[Exercise prompt]: With all images omitted, write out the records word for word.

[Input]:
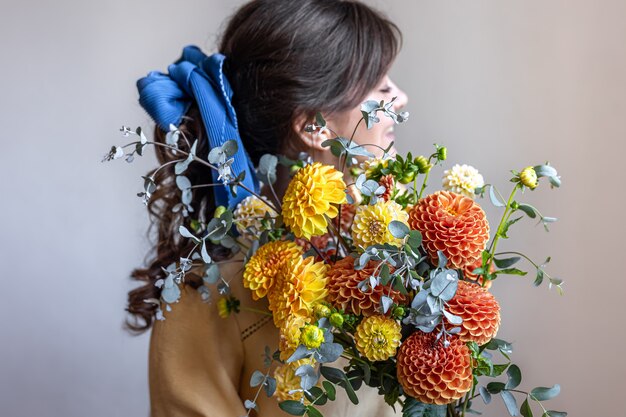 彼女の髪に青いリボンを持つ若い女性、黄色とオレンジ色の菊の花束、灰色の背景を保持しています。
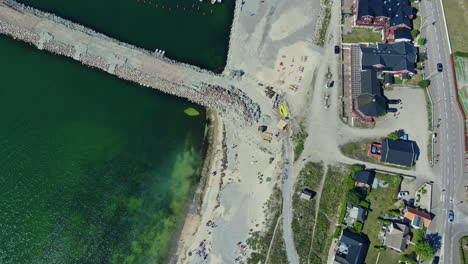 aerial view of the astonishing fishing village of byxelkrok in öland, sweden during summer - drone shot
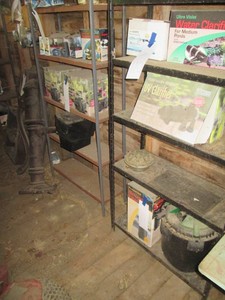 Pair of metal multi-tier storage shelves approx 3ftx13inx5ft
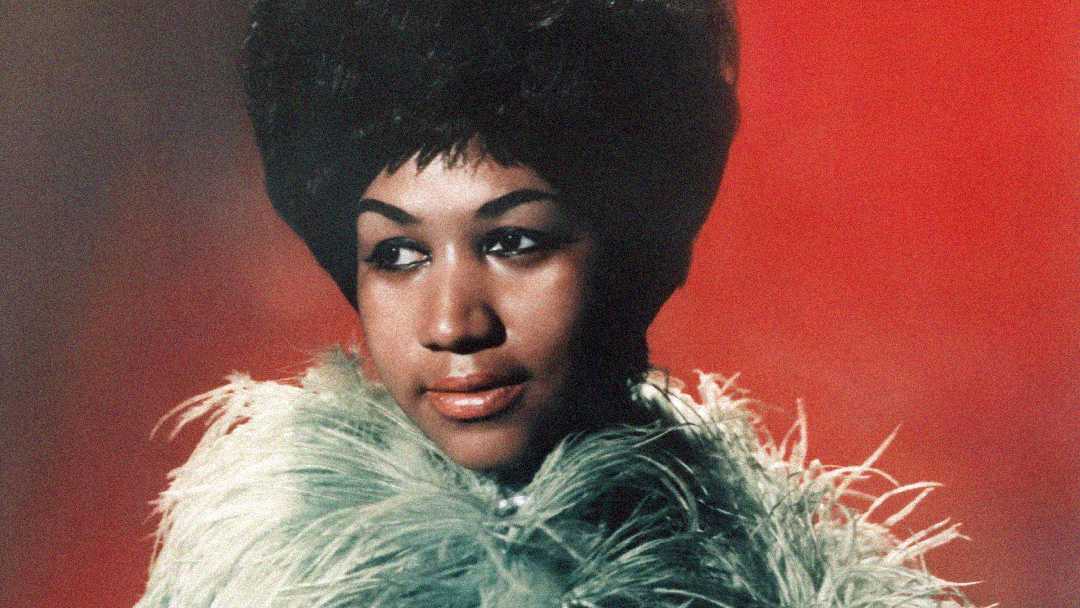 A woman with styled dark hair wears a light green feathered garment, gazing slightly to the side against a gradient red background.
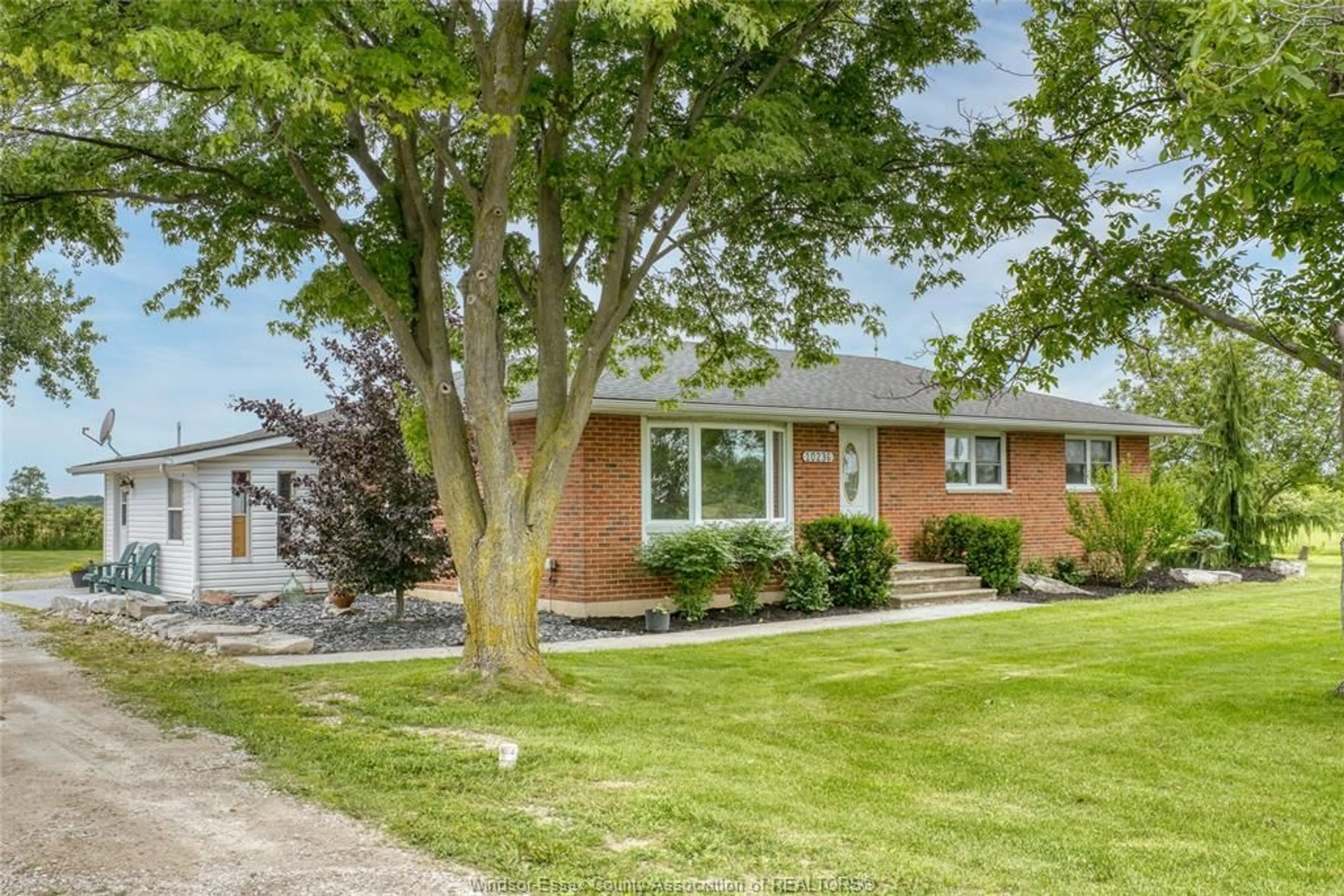Home with brick exterior material, street for 10236 COUNTY RD 11, Amherstburg Ontario N0R 1J0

[Response]:
 彼女の髪に青いリボンを持つ若い女性、黄色とオレンジ色の菊の花束、灰色の背景を保持しています。
 aerial view of the astonishing fishing village of byxelkrok in öland, sweden during summer - drone shot
 Pair of metal multi-tier storage shelves approx 3ftx13inx5ft
 A woman with styled dark hair wears a light green feathered garment, gazing slightly to the side against a gradient red background.
Home with brick exterior material, street for 10236 COUNTY RD 11, Amherstburg Ontario N0R 1J0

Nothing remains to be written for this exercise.